第3回は八王子で開催されている日本一小規模なパンの祭典「八王子一坪パンまつり」を企画する「Shiho Product」さんです。

問題!
JR中央線の東京駅から高尾駅までの駅の数はいくつかわかりますか?
もちろんだよぉ!
どこの駅か分かりやすくするための「駅ナンバリング」というのがあってですね、中央線の駅は「JC+数字」になっているんです。
東京駅が「JC01」で高尾駅が「JC24」。つまり24駅だよ!(ドヤ顔)
※「JC」の駅ナンバリングには中央本線や青梅線も含まれるため24番目以降の駅ナンバリングもあります。
中央線は駅ごとの個性が違って、まち歩きをしていても本当に楽しいよね。
まち歩きをしていてもコーヒーやパン、カレーなんかの美味しい香りがして、ワクワクしますねぇ。
これまでも中央線のコーヒーやパンのお店にはたくさん伺ったけど、まだまだ知らないお店がたくさんあるよね。
ここでもう1問!
「JC22」の駅は何駅?
「八王子駅」!(ドヤ顔)
さ、さすがです…。
そういえば八王子駅で「日本で一番小規模」なパンまつりが開催されていたのは知ってる?
「八王子一坪パンまつり」だよねっ!
前にお話しを聞かせていただいた八王子の「ボンシュシュ」さん、西荻窪の「キャラバン」さんも出店されていたんだよね~。

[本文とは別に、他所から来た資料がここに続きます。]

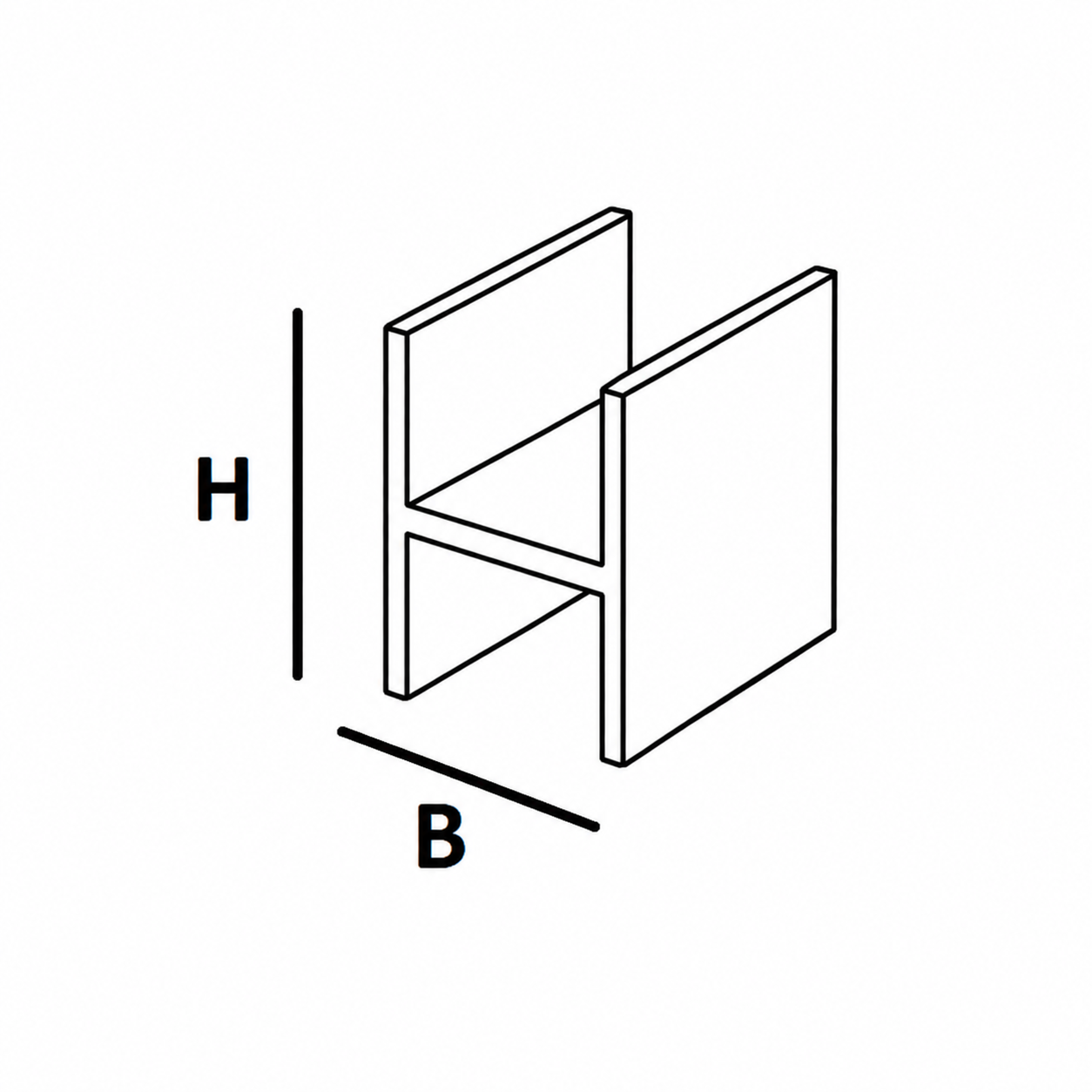 Brass, H-profil 6x6 0.6mm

「八王子一坪パンまつり」は2024年5月の開催で12回目、次は10月10日から開催するみたいだよ!
イベントのHP楽しそう!
パンのかぶりものをした看板娘さんたちが気になるぅ~!
しかも、イギリスのロックバンドのTシャツを着ている…。
高円寺のパン屋「エクラン」さんもロックバンドのTシャツを着てたよね。

「Tシャツ」と「パン」…、これは何か関係があるのかもしれません。
それはないと思うけど…(笑)。
「八王子一坪パンまつり」や、会場となっている「はちチャレ」という場所も気になるし、少しお話しを聞けるといいね。
1.一坪で始まった名物イベント「八王子一坪パンまつり」の秘密
【レンタルスペースspace &】


わっ!
不思議な建物、ダンジョンみたい!
この建物にあるレンタルスペース「space &」で「八王子一坪パンまつり」の運営をされている「Shiho Product」の賀澤さんがお話しを聞かせてくれることになったよ!

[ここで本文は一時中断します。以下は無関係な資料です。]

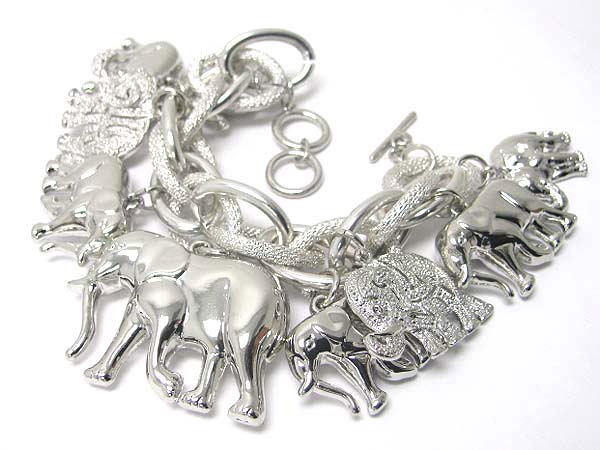 Multi metal elephant charm dangle chain toggle bracelet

「space &」さん、ミレイの絵画「オフィーリア」のようなちょっと不思議で楽しい絵が!
建物も含めて楽しそう場所~!
こんにちは!
こちらの建物は、建築士さんが海外で見た建物をそのまま小さくしたようなイメージで造ったそうですよ。

※「Shiho Product」代表の賀澤さんがお話ししてくださいました。
こんにちは~。
「八王子駅一坪パンまつり」、すごい人気だと伺いました!
「まつり」でありながら「1坪」という小さいスペースが気になってしまうのですが、「1坪」にした理由はあったのでしょうか?
「八王子一坪パンまつり」は「まちづくり八王子」が運営している「はちチャレ」という場所で開催しています。
「まちづくり八王子」には、私も外部スタッフとして関わっており、「チャレンジショップ「はちチャレ」を多くの人に知ってもらおう」というミッションから生まれたイベントが「八王子一坪パンまつり」なんです。
2017年の5月に第1回の開催をしました。
「チャレンジショップを知ってもらおう」ミッション…。
飲食店でも話題になるのは難しいはずですから、なかなか難しいミッションですよね。
そうなんです!
急きょ企画を考えなくてはいけなくなり、どうしようかなぁと考えていた時に、テレビで「日本最大級!パンまつり」が紹介されていました。
それを見ながらちょっとひねくれた考えで、それならこっちは「日本最小のパンまつり」だ!と浮かんできたんです。

現在の「八王子一坪パンまつり」の様子
逆転の発想!
それでも賀澤さんご自身がパン屋さんでもないですし、大変だったんではないでしょうか?
普通の「パンまつり」ではたくさんのパン屋さんが集まっていますが、「八王子一坪パンまつり」では基本1店舗が日替わりで出店します。
私もパン屋さんではないですし、当時はまだパン屋さんの知り合いがほとんどいなかったので、紹介してもらったお店に声をかけていったのですが…、
「1店舗だけのパンまつり?え?」
と、最初はやはり驚かれましたね~。
今は色々なお店が期間で入れ替わる場所が駅ナカにもあったりしますね!
そういった意味では新しい試みだったのではないでしょうか?
1店舗だけの出店は、結果的にお店の方とお客さんとの交流も生まれやすくて良かったなと思います!

確かにお店の人とパンのお話も楽しそう!
はじめての「八王子一坪パンまつり」、結果はどうなったんですか?
実はですね、初日が結構な豪雨で…、当日販売するパンの到着も遅れていたんです。
ひいぃ!
自分たちも雨なのでそこまではお客さんいらっしゃらないかなぁ~、と思っていたのですが…、スタート前から少しずつ人が並び始め、いざスタートすると当日用意した150個のパンが2時間ほどで売り切れました!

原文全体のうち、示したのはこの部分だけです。